C/C++ Contributing Editors


Standard C/C++: Multibyte Files

P. J. Plauger

The proper way to represent wide characters in a file is as a multibyte stream. But you sometimes need help to support the encoding you really want to use.


For the past couple of months, I've been describing some of the more advanced uses of the iostreams classes, as they are now specified in the C++ Standard. Last month, in particular, I discussed the business of reading and writing Unicode files. (See "Standard C/C++: Unicode Files," CUJ, April 1999.) I presented code for a couple of code-conversion locale facets that augment the Standard C++ library classes that read and write streams of wide characters. These facets let you read and write Unicode in a fairly popular format that dedicates two bytes to each character stored in the file. One of them even includes support for a clever trick that gets byte order right across architectures with different "byte sex," or "endian-ness."

But there's far more than one way to skin this particular cat. Some of those ways go back a couple of decades. They have properties that are more desirable than the relatively simple approach I discussed last month. And they are interesting in their own right. On the other hand, they're a tad trickier to get right in working code. That's why I presented the simpler approach first.

I'm talking about multibyte encodings. They were originally developed as a way to represent text using a large character set as a stream of more conventional eight-bit bytes. Disk storage, UARTs, and practically all other modern hardware traffic in eight-bit bytes these days. However much you may believe in large character sets, it's rather necessary to ship them about as byte sequences from time to time.

What I presented last month was indeed one form of multibyte encoding. It assumes that wide-character codes are manipulated inside the program as a sequence of values of type wchar_t. The actual encoding of each character is further assumed to follow the Unicode Standard, which uses 16 bits to encode each character. (For a more precise definition of Unicode, see the file ftp://ftp.unicode.org/Public/2.0-Update/UnicodeData-2.0.14.txt available at the Unicode web site.) Out in the world, the 16-bit code becomes a sequence of two eight-bit bytes.

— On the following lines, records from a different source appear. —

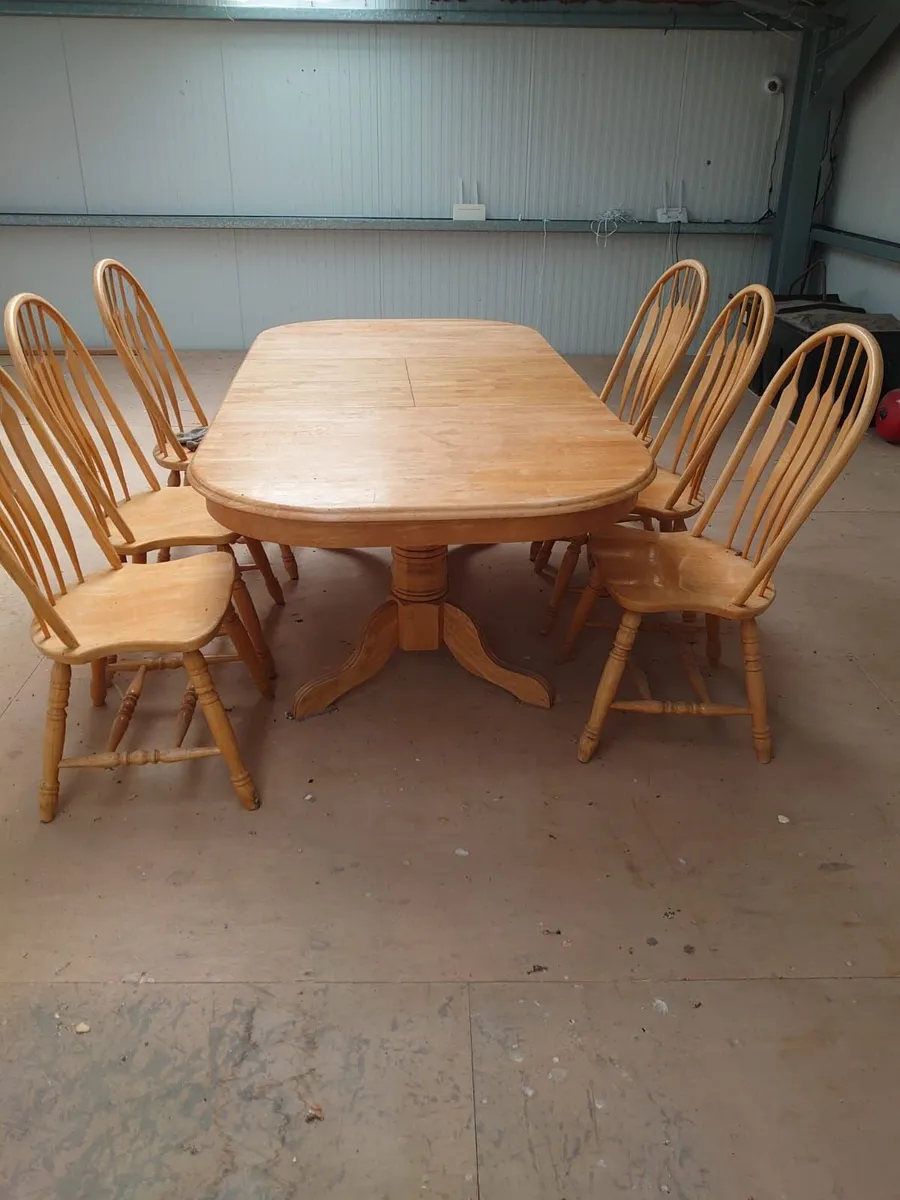 Wooden tables miscellaneous furniture for sale - Image 2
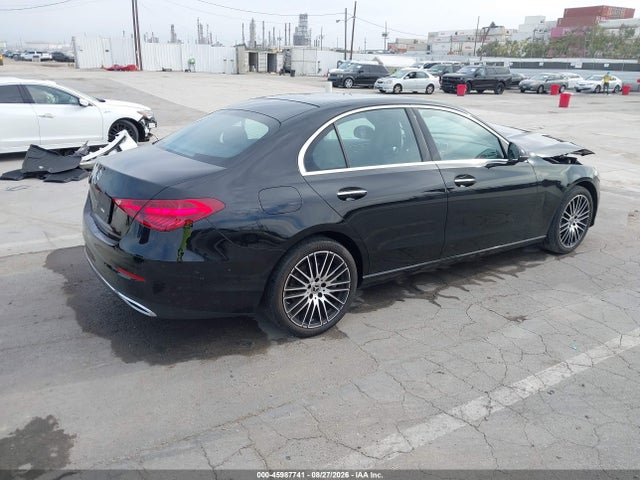 45987741 :رقم المزاد ، W1KAF4GB4RR184715 vin ، 2024 Mercedes-benz C 300 مزاد بيع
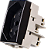 Clean Ebony Grafit  Modulo Tomada 10A - Imagem 1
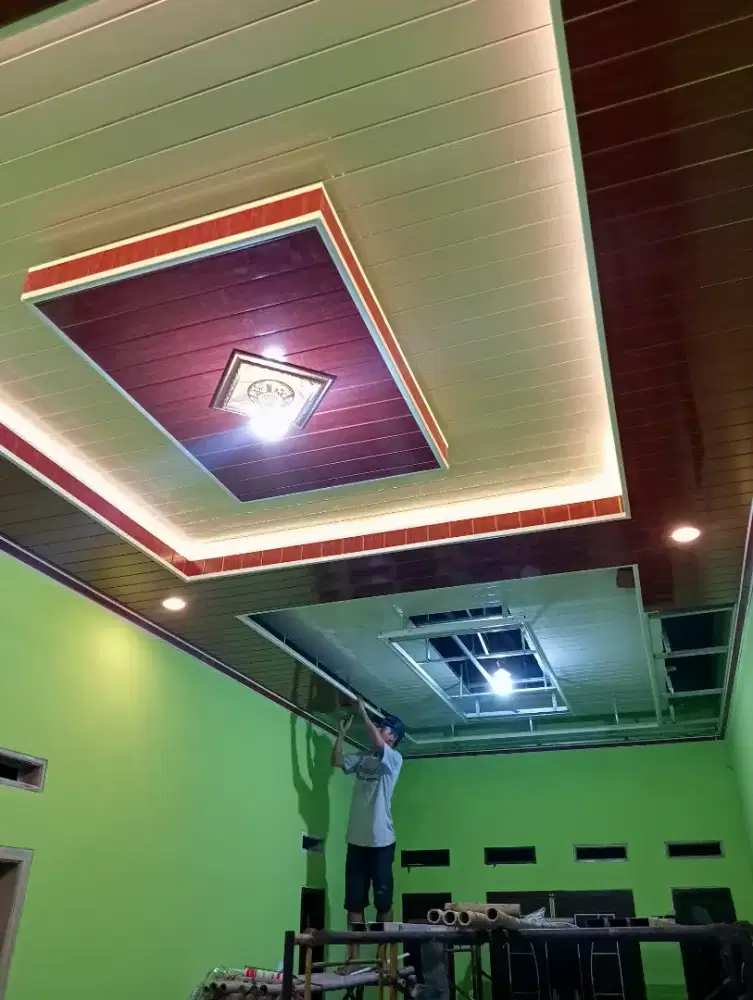Plafon PVC Harga Pabrik kualitas terbaik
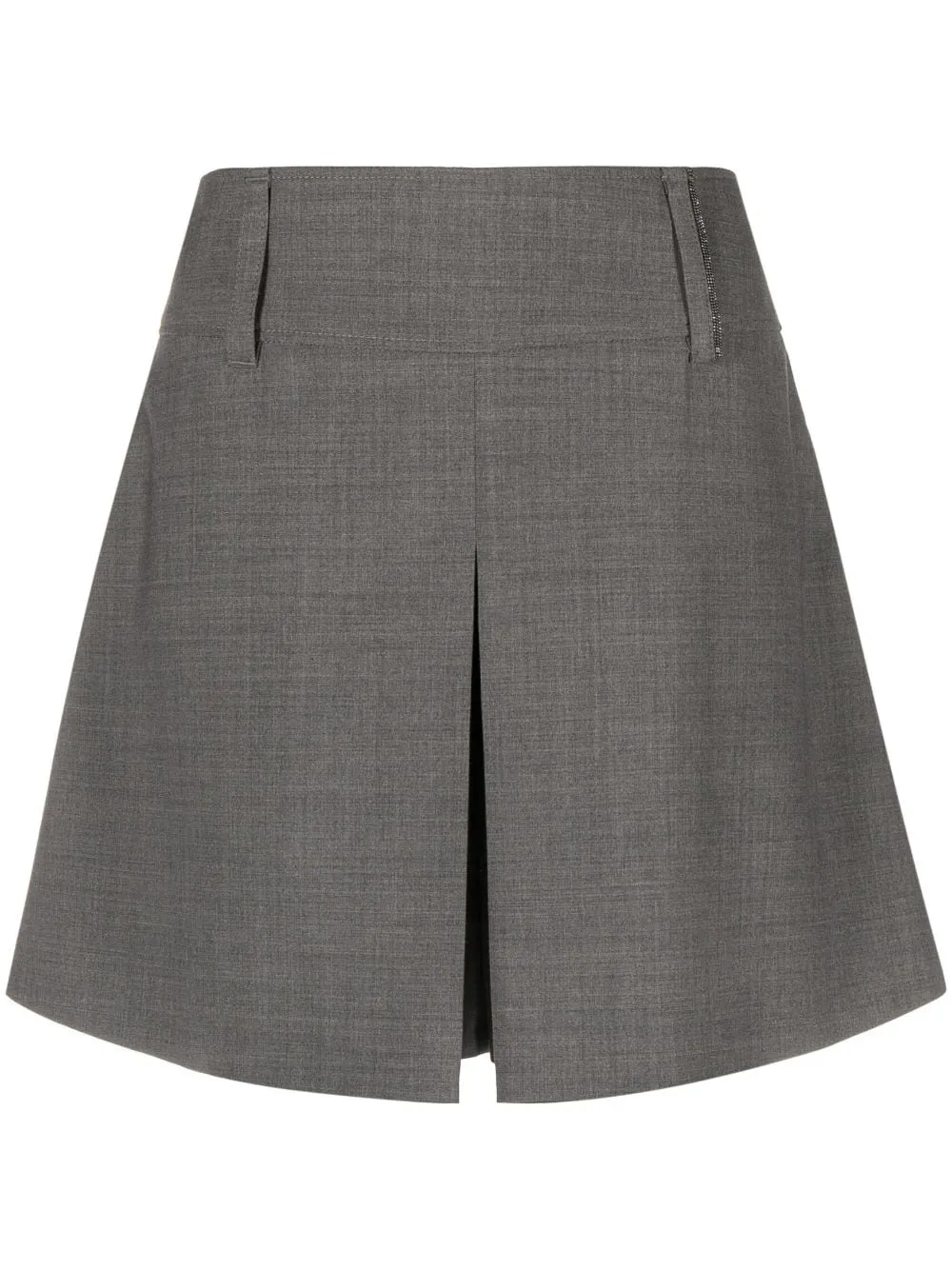 Brunello Cucinelli Mini Wool Skirtpant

What is the order of these two bytes? That often depends on the machine that writes the stream. A "little-endian" machine finds it easier to write the less-significant byte first. A "big-endian" machine favors writing the bytes the other way around. So a reader has to know how such a multibyte stream was written to get it right.

One of the variants I described last month includes a way of making a file describe its implied byte order. The codes 0xfffe and 0xffef are reserved as non-characters for this purpose. If a reader — reading in whatever byte order it chooses — sees the code 0xfffe, it knows to discard this code and keep doing what it's been doing. On the other hand, if the reader sees the code 0xfeff, it knows to discard this code and henceforth combine bytes in the opposite order from whatever it has been doing. Since 0xfeff is just 0xfffe byte swapped, the stream identifies itself to all future readers savvy enough to look for these markers.

Desirable Properties

This form of multibyte encoding is growing in popularity, thanks in large measure to Java and Windows/CE. Whatever it may lack in other desirable properties, it more than makes up for in ubiquity. That's why I presented last month a couple of versions of template facet codecvt<wchar_t, char, mbstate_t> that work with Visual C++ to support such wide-character input and output.

But a really good multibyte encoding should aspire to quite a number of desirable properties. Here are a few that I can think of, just off the top of my head.

1. For ease of interchange across computer architectures, byte order should be precisely defined, regardless of the native byte order of the reading or writing machine.

2. For space economy, the commonest character codes should have the shortest multibyte encodings.

3. For ease of interconversion, the relationship between a wide-character code and its corresponding multibyte sequence should be a simple function, not a table lookup.

4. To permit a typical ASCII text sequence to pass unmodified as a multibyte sequence, each of the common ASCII characters should stand for itself.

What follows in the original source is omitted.